What the exercise asks — Reproduce, exactly and only, the lines of the data that follows from the one containing "Vector seamless striped" down to the one containing "Maplibre | ©", without pictures.

Material shown: Begin

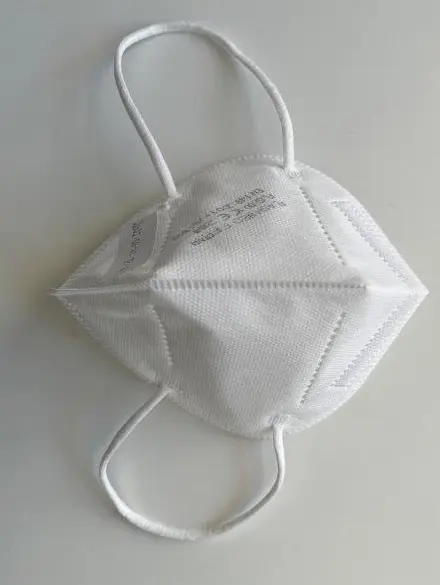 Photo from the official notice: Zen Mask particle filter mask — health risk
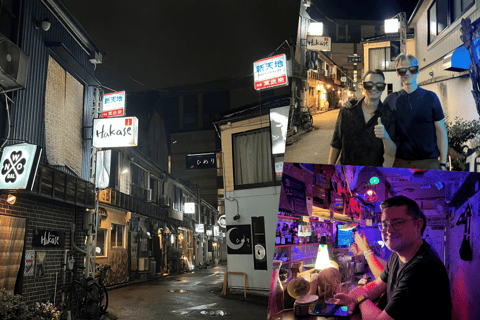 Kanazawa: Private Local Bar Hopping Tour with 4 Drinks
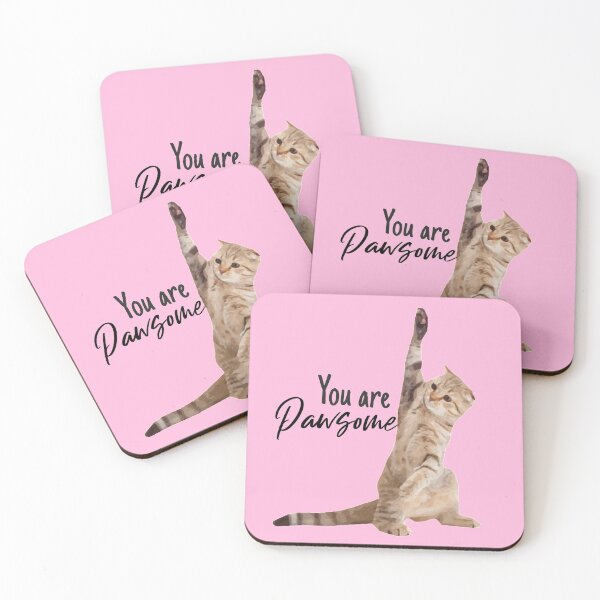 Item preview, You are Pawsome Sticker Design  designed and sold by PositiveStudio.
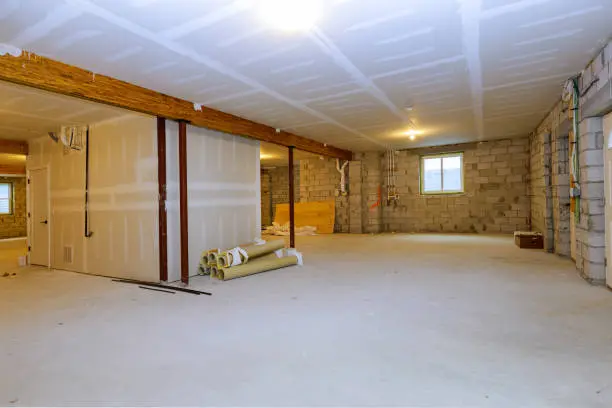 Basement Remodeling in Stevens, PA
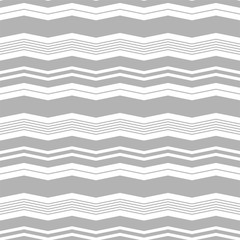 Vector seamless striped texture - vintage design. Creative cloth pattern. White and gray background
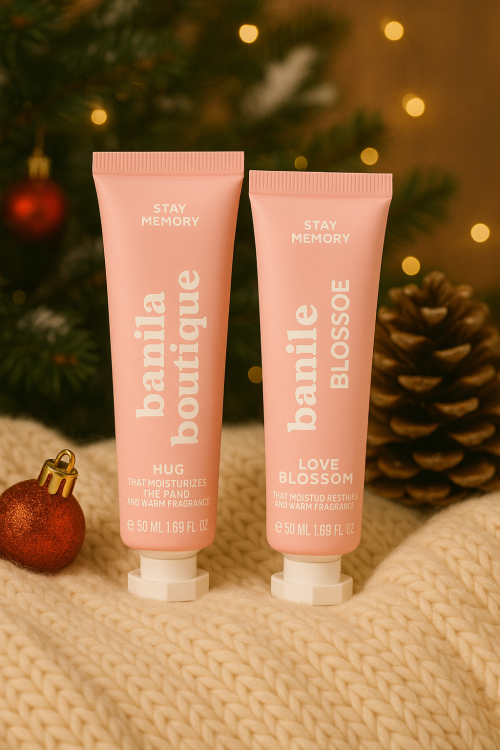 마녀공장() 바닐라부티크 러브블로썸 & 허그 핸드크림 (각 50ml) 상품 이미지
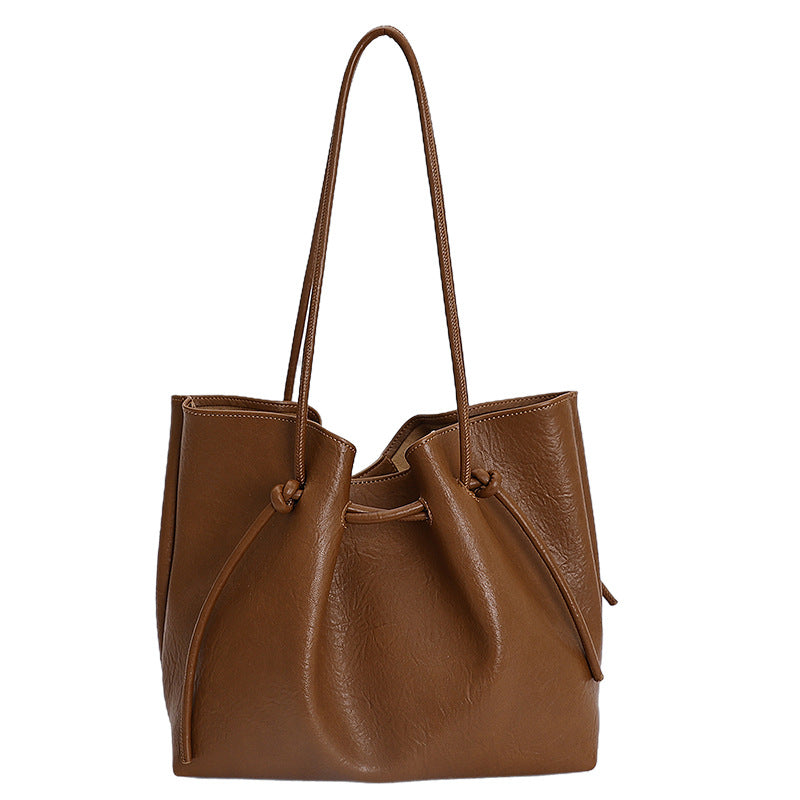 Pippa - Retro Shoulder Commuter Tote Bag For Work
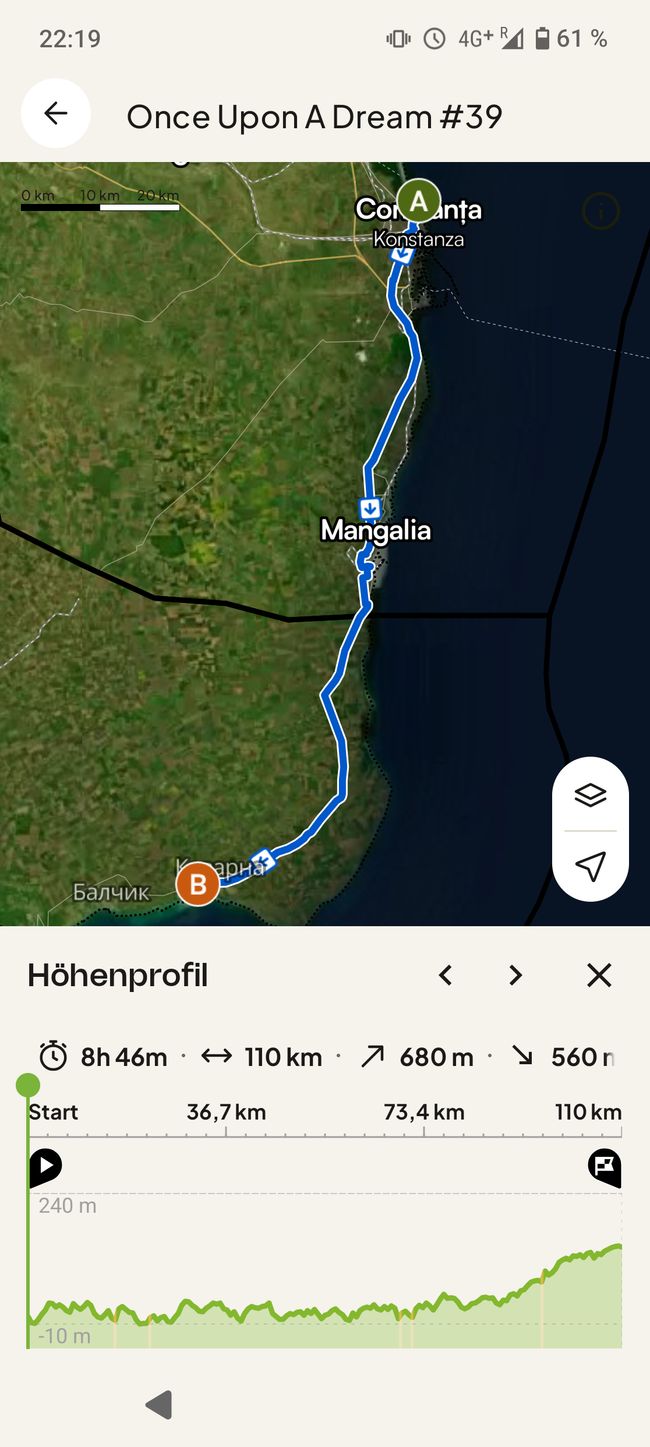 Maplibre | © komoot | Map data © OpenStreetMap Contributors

Material shown: End
Material shown: Begin

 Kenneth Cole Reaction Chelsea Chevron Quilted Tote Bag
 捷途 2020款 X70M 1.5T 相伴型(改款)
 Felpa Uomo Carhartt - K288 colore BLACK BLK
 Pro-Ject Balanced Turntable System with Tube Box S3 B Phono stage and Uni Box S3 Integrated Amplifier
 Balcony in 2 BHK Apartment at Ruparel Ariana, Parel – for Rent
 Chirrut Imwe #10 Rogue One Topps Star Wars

Material shown: End
Material shown: Begin

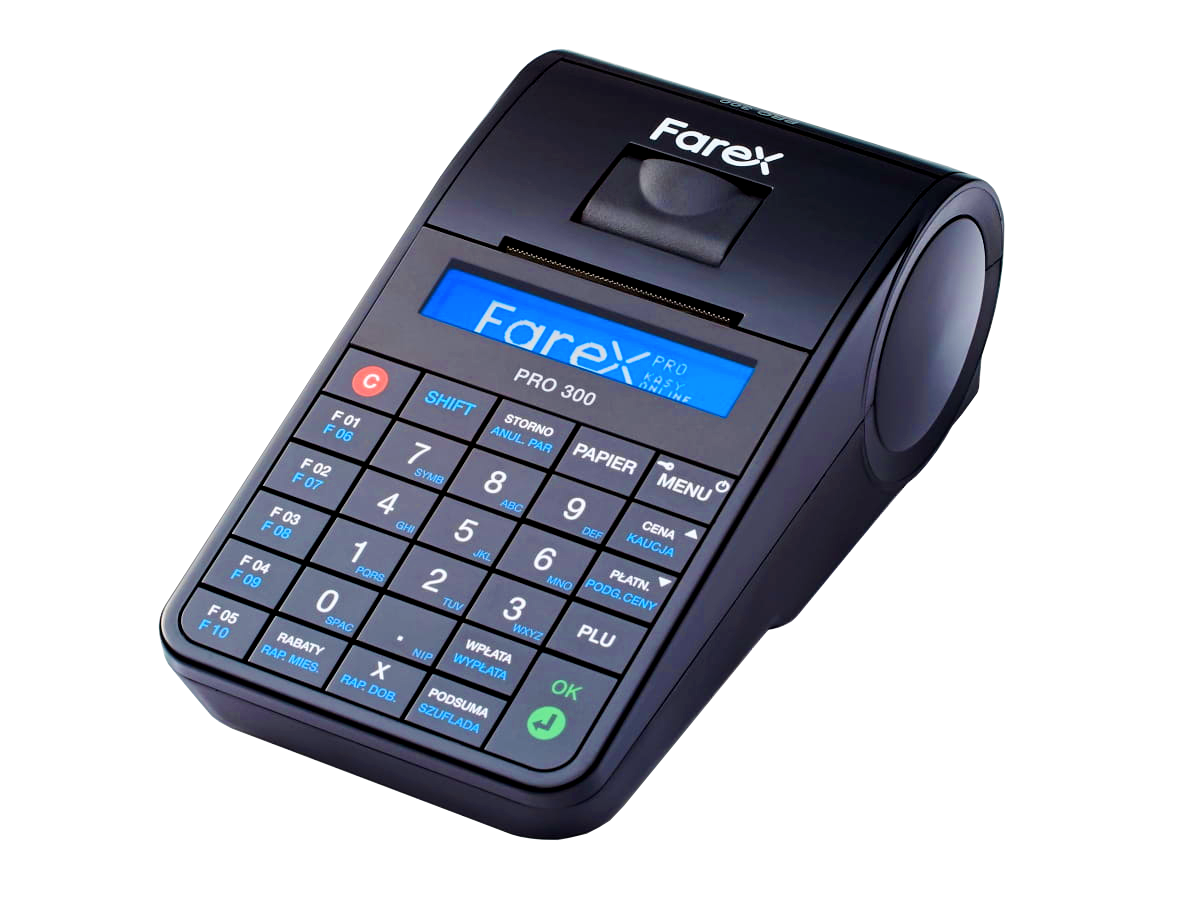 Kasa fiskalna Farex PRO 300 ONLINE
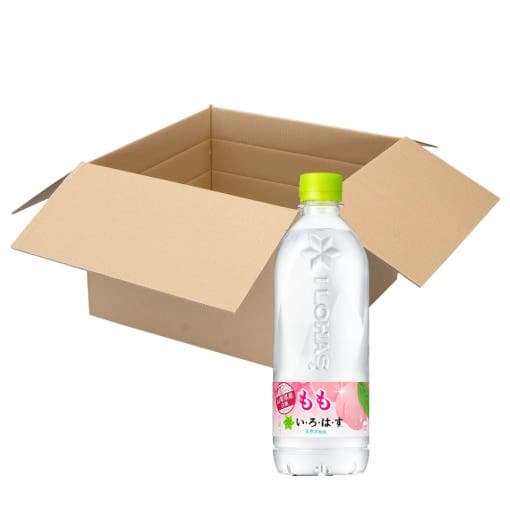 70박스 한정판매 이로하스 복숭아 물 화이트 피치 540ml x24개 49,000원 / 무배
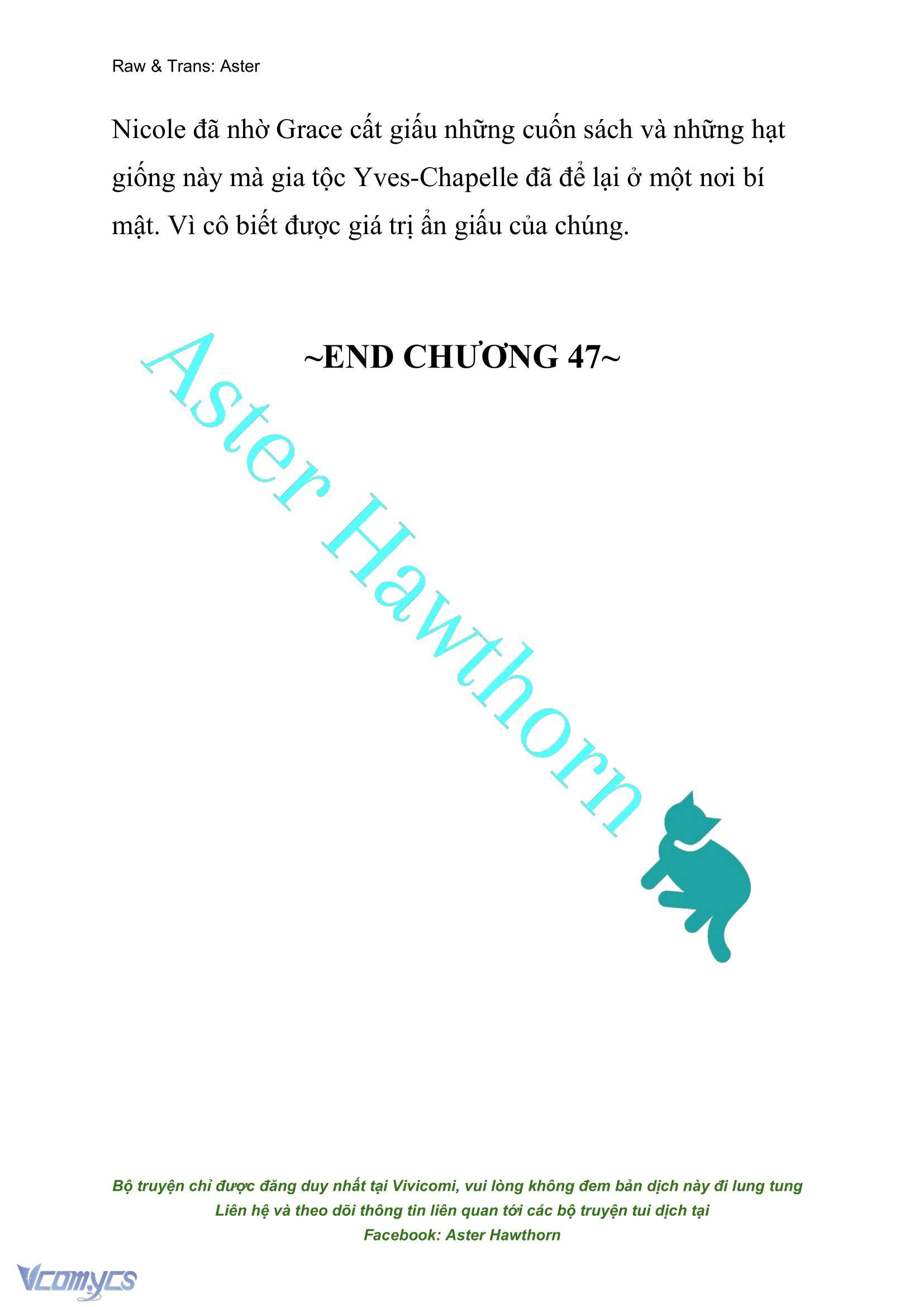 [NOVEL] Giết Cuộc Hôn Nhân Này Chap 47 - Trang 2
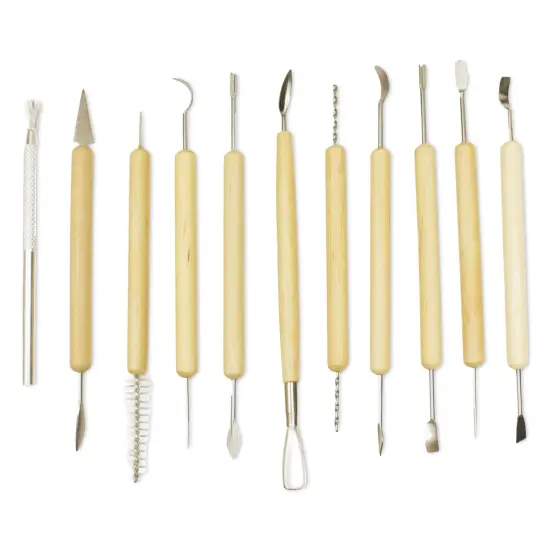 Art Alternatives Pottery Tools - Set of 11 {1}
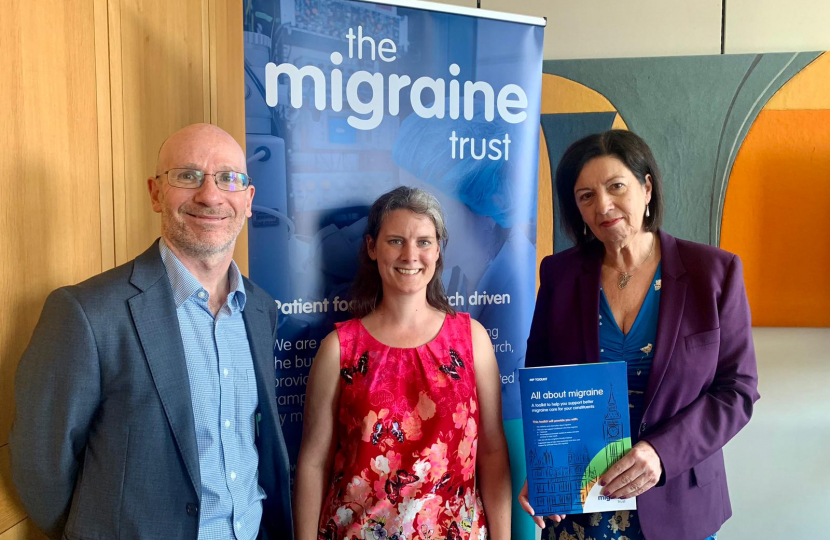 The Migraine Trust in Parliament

Material shown: End

Result of the task —
 Vector seamless striped texture - vintage design. Creative cloth pattern. White and gray background
 마녀공장() 바닐라부티크 러브블로썸 & 허그 핸드크림 (각 50ml) 상품 이미지
 Pippa - Retro Shoulder Commuter Tote Bag For Work
 Maplibre | © komoot | Map data © OpenStreetMap Contributors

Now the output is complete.